Your task is to repeat the entries exactly. Leave the pictures out.

*** Begin section ***

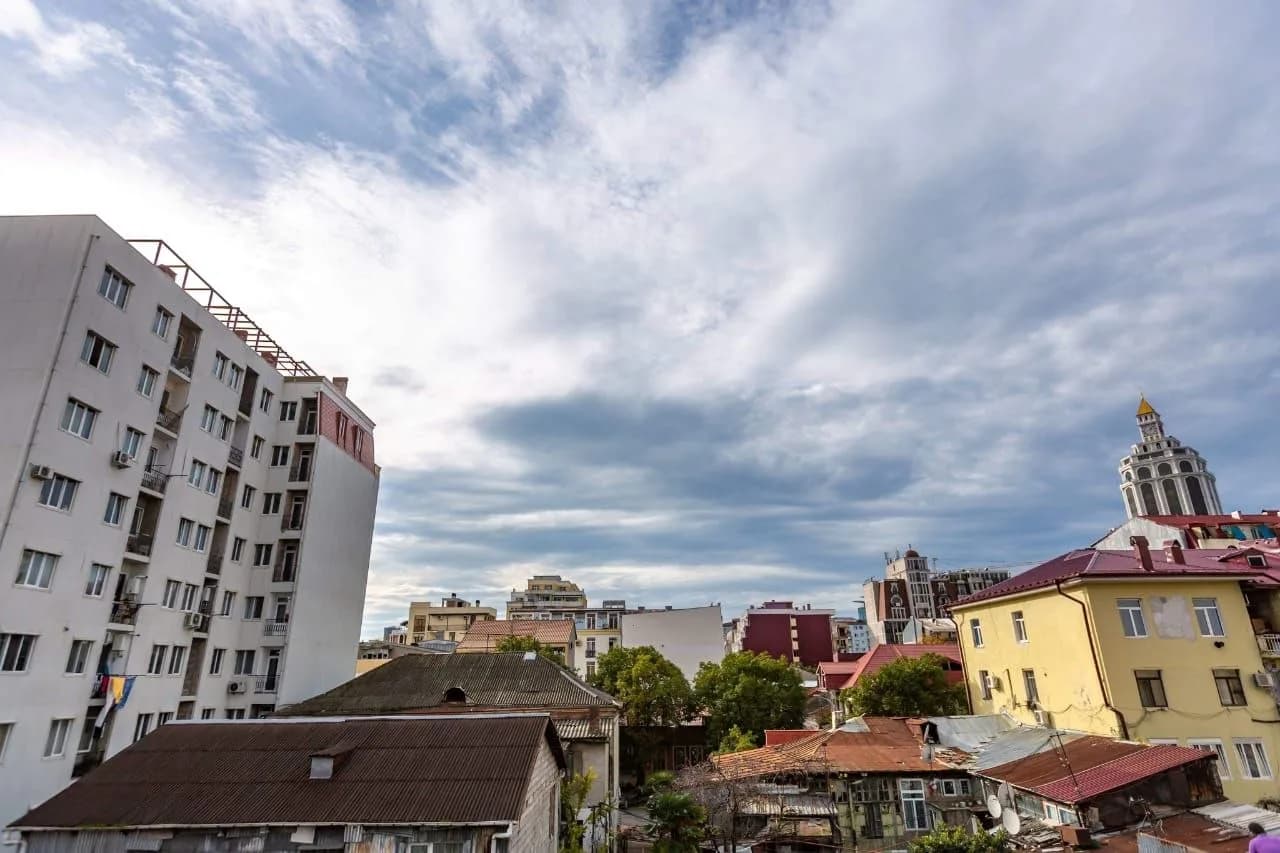 Квартира 1+1 в Батуми · Центр · 53 м² — Фото 9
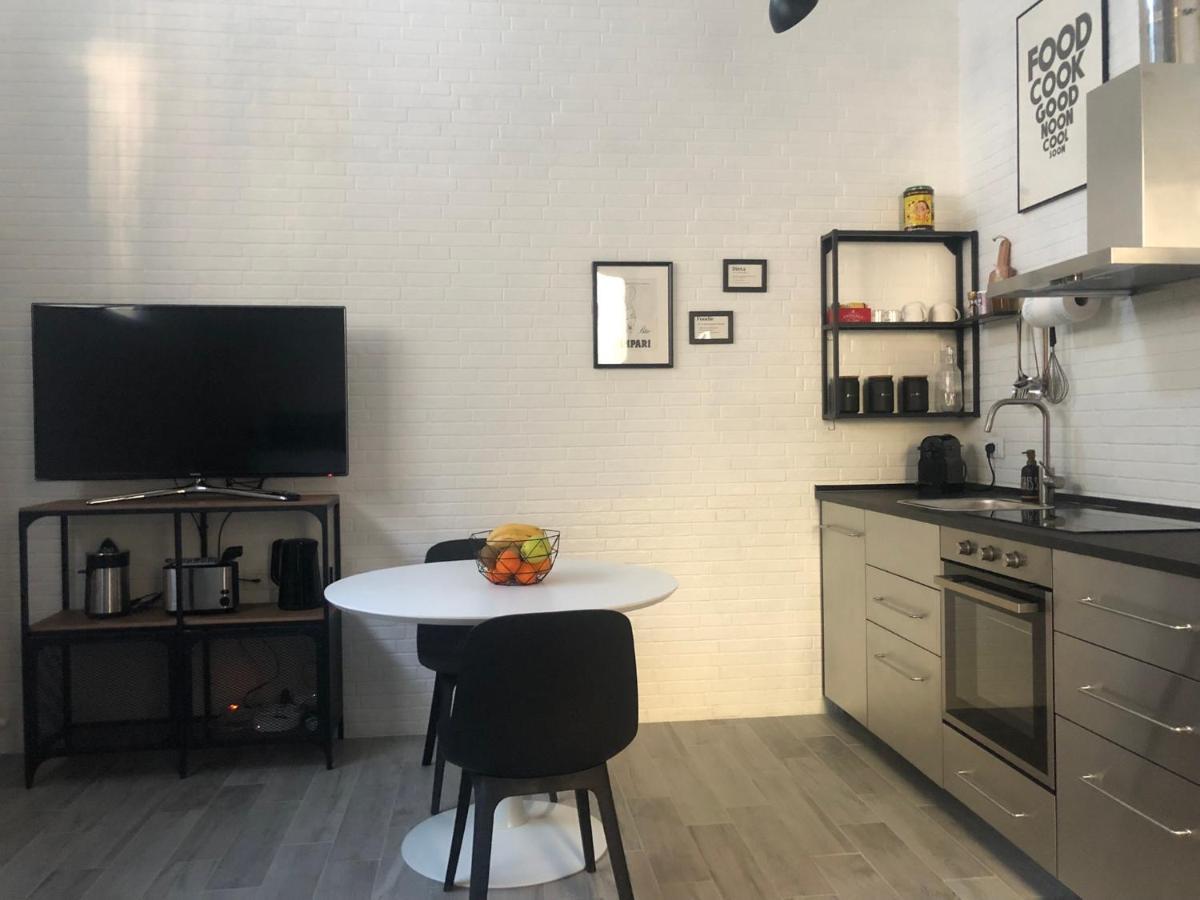 Urban Loft Lägenhet Bologna Exteriör bild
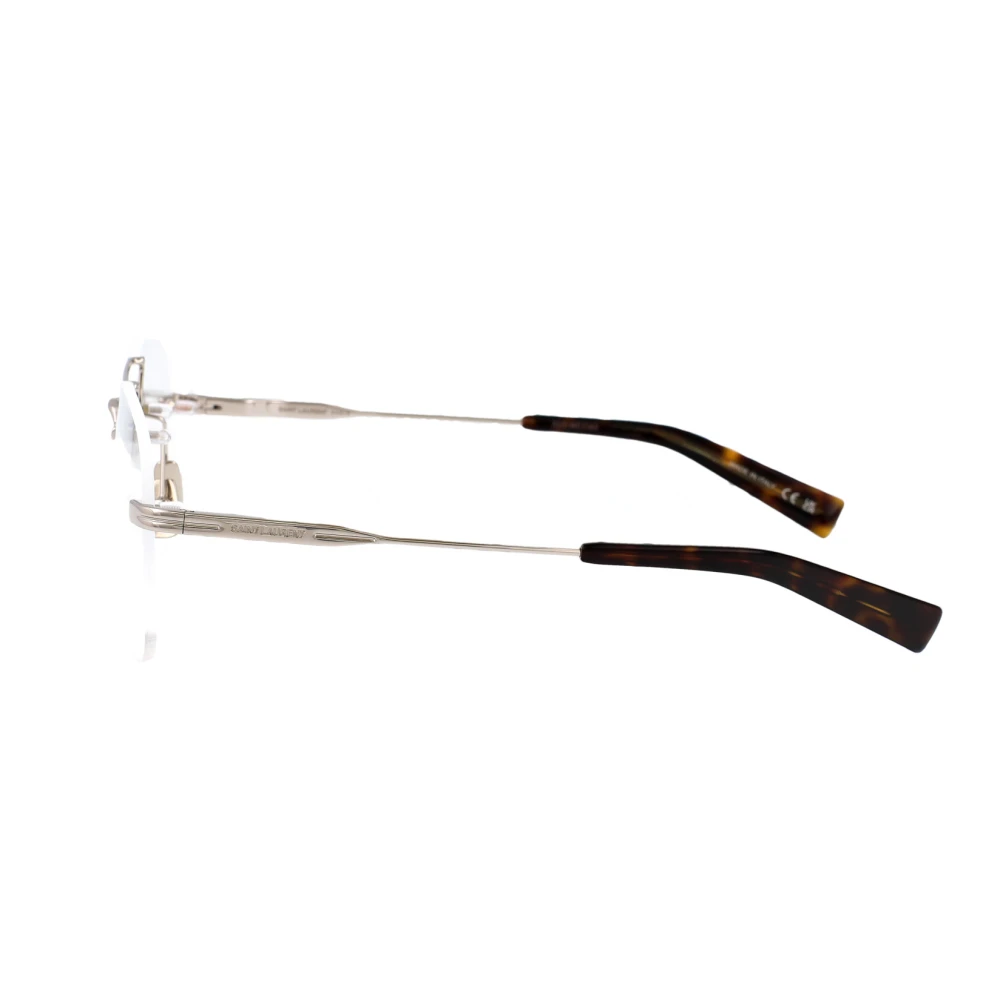 Saint Laurent Stijlvolle Optische Bril SL 745 Gray Unisex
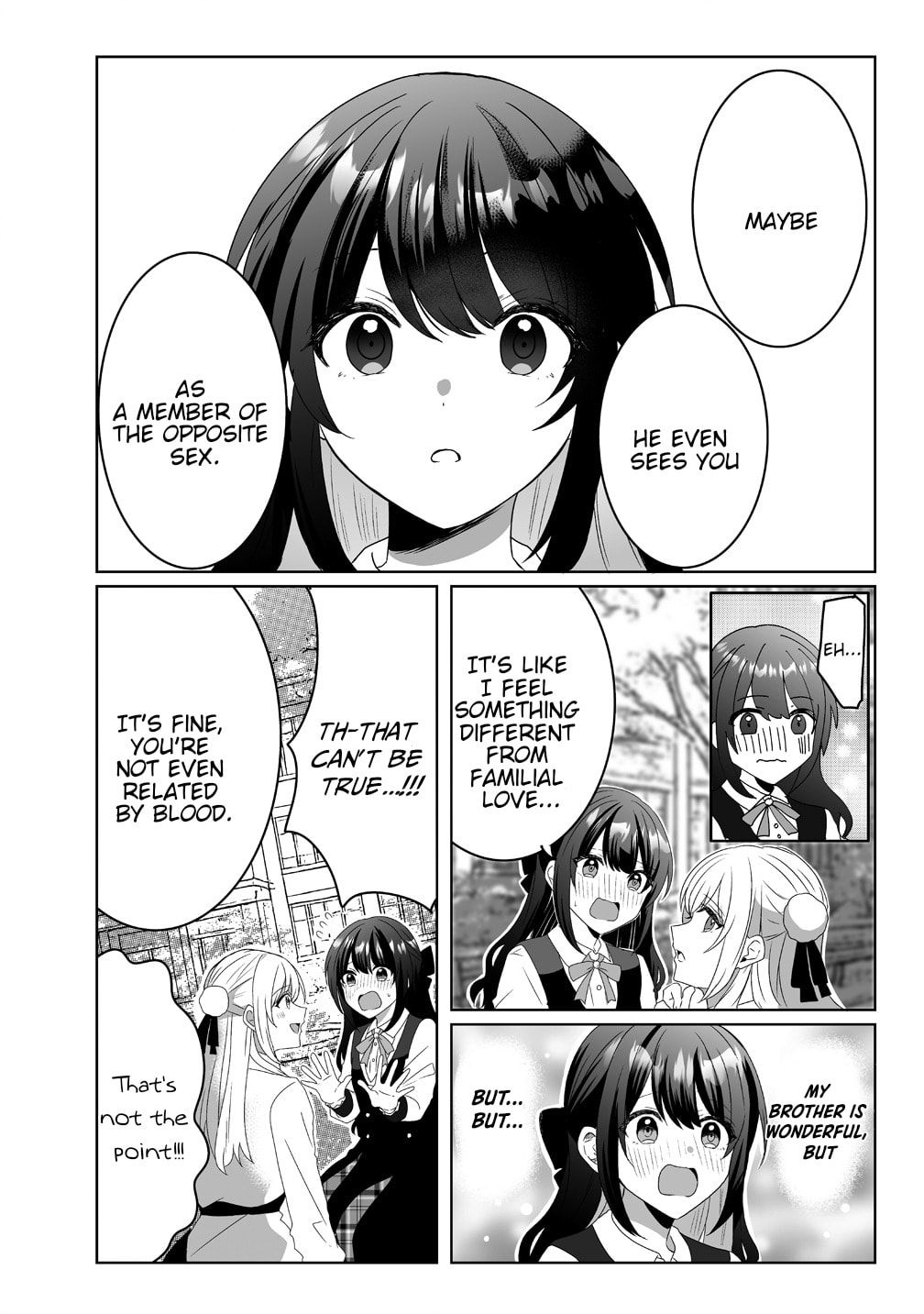 Read Suterareta Daiyon Oujo wa Bokoku ni wa Modoranai EN Manga Online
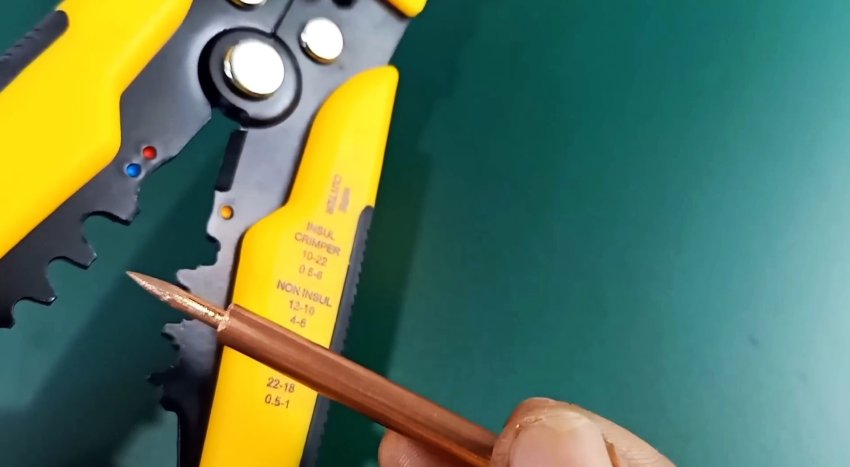 Как сделать простой аппарат для точечной сварки - «Сделай сам»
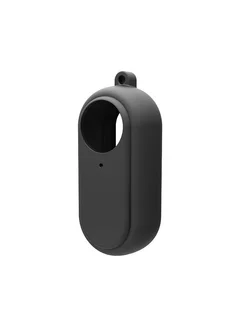 Силиконовый чехол для Insta360 Go2 (черный)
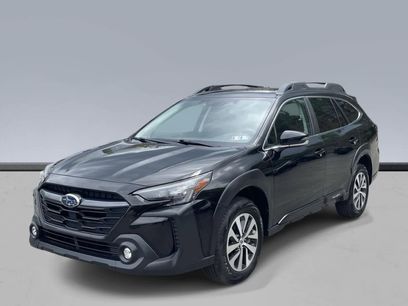 Certified 2025 Subaru Outback Premium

*** End section ***

▸ **Output below**:
 Квартира 1+1 в Батуми · Центр · 53 м² — Фото 9
 Urban Loft Lägenhet Bologna Exteriör bild
 Saint Laurent Stijlvolle Optische Bril SL 745 Gray Unisex
 Read Suterareta Daiyon Oujo wa Bokoku ni wa Modoranai EN Manga Online
 Как сделать простой аппарат для точечной сварки - «Сделай сам»
 Силиконовый чехол для Insta360 Go2 (черный)
 Certified 2025 Subaru Outback Premium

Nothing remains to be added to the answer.